Old Home Week | |
Director: | Victor Heerman |
Producer: | Jesse L. Lasky Adolph Zukor |
Screenplay: | George Ade Thomas J. Geraghty |
Starring: | Thomas Meighan Lila Lee Charles Dow Clark Max Figman Charles Sellon Zelma Tiden Sidney Paxton |
Cinematography: | Alvin Wyckoff |
Studio: | Famous Players–Lasky Corporation |
Distributor: | Paramount Pictures |
Runtime: | 70 minutes |
Country: | United States |
Language: | Silent (English intertitles) |
Old Home Week is a 1925 American silent comedy film directed by Victor Heerman and written by George Ade and Thomas J. Geraghty. The film stars Thomas Meighan, Lila Lee, Charles Dow Clark, Max Figman, Charles Sellon, Zelma Tiden, and Sidney Paxton. The film was released on May 25, 1925, by Paramount Pictures.[1] [2]

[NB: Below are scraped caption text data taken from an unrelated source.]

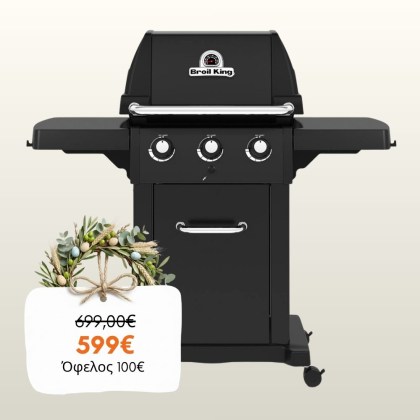 Broil King ROYAL 320 SHADOW Ψησταριά Υγραερίου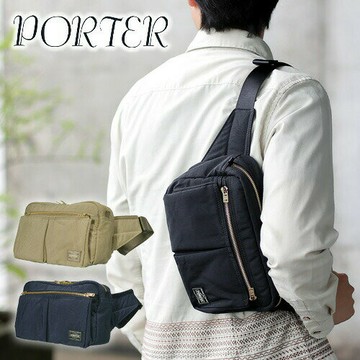 吉田包 PORTER 波特包 腰包 【DRAFT】 656-05219 腰包 隨身包 包｜KURA CHIKA by Porter 日本必買 | 日本樂天熱銷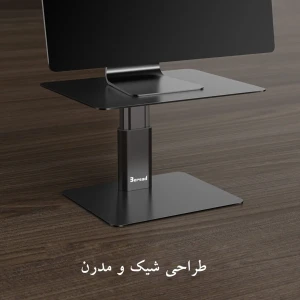 پایه نگهدارنده مانیتور ارگونومیک برساد مدل SMA02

As described in a film magazine review, Tom has been given a bad mark in his home town following a card game where a cheater placed some cards in his pocket. He opens a filling station in New York City. Business was poor, but the partner thought of having business cards printed that made it appear that they were partners in the "Amalgamated Oil Company." He returned to visit his home town to find the people buying stock in a promising oil well. Tom finds that the schemers are engaged in a hoax. When he goes to speak at the town's celebration, the people read his business card as saying he is interested in an oil company in New York, so they select him to be completely in charge of the new company. He finds that his mother has invested in the fraud. He decides to outwit the sharpers by placing a gusher of water at the well. As the schemers are about to leave with the $90,000 taken from the townspeople, they change their minds when they believe the oil well is really gushing oil. They buy back the well for $94,000, and Tom then reveals to them that they have become the butt of their own trickery. He is recognized as a hero and Ethel declares her love for him even though she previously had questioned his plans.
With no prints of Old Home Week located on any film archives,[3] it is a lost film.[4]